Volumetric light scattering or some kind of screen space ray tracing effect.
|Screen space ambient occlusion (SSAO)||Demonstrate functionality on an object with a large amount of crevices (note that the obj models given this quarter will not suffice; if you are unsure, just post several models you intend to work with on your blog for feedback). Implement functionality to turn SSAO off upon key press. To qualify for extra credit, upon key press, SSAO map (as a greyscale image) must be shown alongside the rendering window.|
|Screen space directional occlusion (SSDO) with color bounce||Demonstrate functionality on multiple objects which possess large amounts of crevices and widely varying colors. Implement functionality to turn SSDO with color bounce off upon key press. To qualify for extra credit, there must be the option to show the SSDO map (colored image) alongside the rendering window.|
|Collision detection with arbitrary geometry||Needs to test for the intersection of faces. Performance should be smooth enough to undoubtedly show that your algorithm is working properly. Support a debug mode to highlight colliding faces (e.g. color the face red when colliding).|
A summary of restrictions listed in the above table, along with extra explanations:
- Toon Shading and Rim Shading cannot be used in the same project.
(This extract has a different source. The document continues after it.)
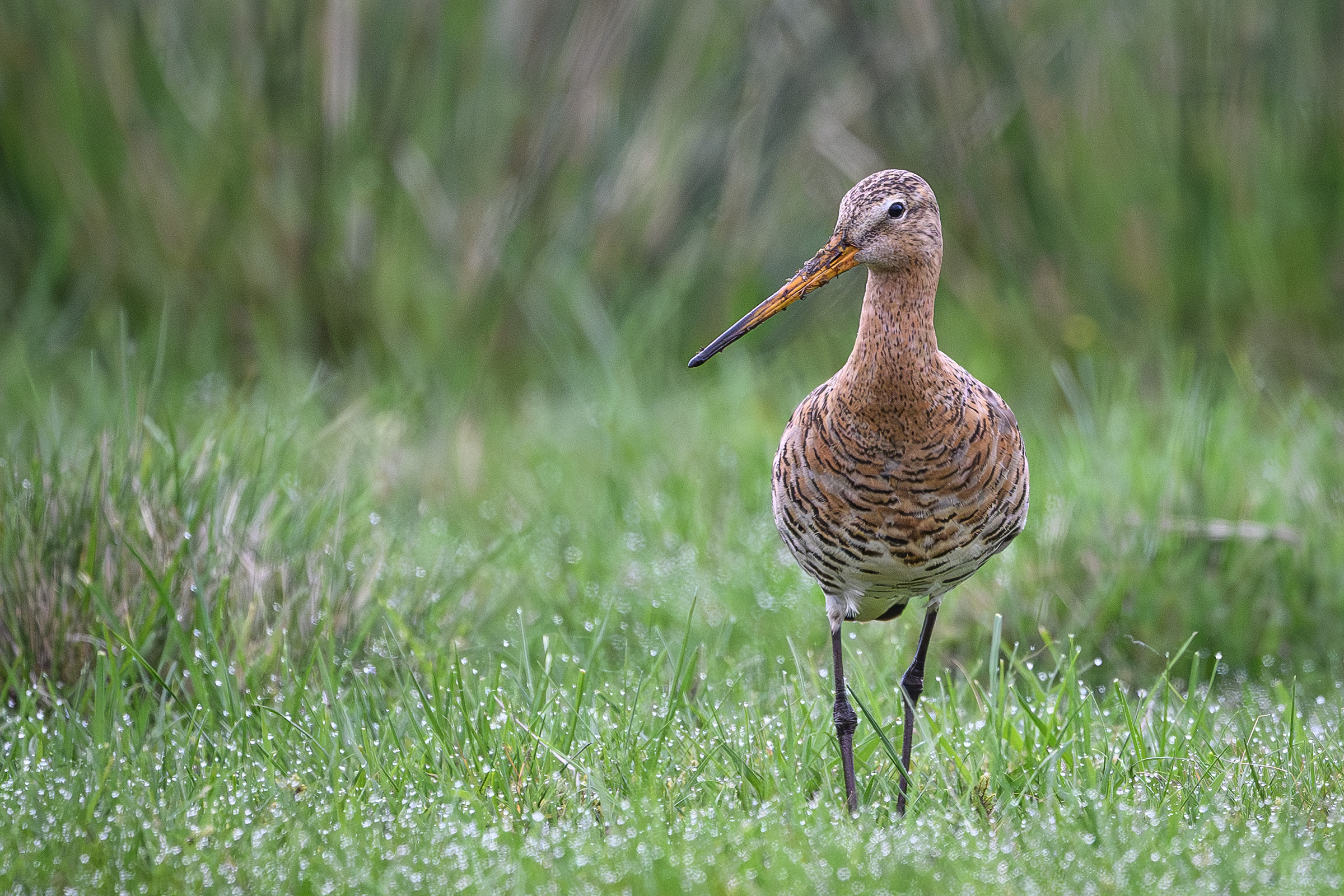Stor kobbersneppe, Værnengene Stor kobbersneppe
- Adding shape grammar to procedural modeling does not stack with the base requirement. It will only yield 1 extra point to the modeling requirement.
- Shadow volumes do not stack with shadow mapping. You will either get 2 points for mapping or 3 points for volumes, but not 5 points for both (since shadow volumes already have shadow mapping).
- Procedural terrain requires the usage of an algorithm that does not simply read from a terrain map. You can use any algorithm mentioned in class or on the Internet, such as midpoint displacement, diamond-square, etc. The generated terrain must look like something potentially habitable, and we will ask you to explain how the terrain was generated.
- The pseudorandom number generator used in the procedural modeling techniques must be seeded (use srand()). For all these requirements, you should be able to change the seed at least once during runtime, so we can see a dynamic reloading of the procedural modeling. We will also ask you to re-run the application to verify that your procedural modeling does not change when using the same seed.
- Do not add fog if depth of field is implemented. The scene you generate with depth of field should look similar to what you would see in a camera.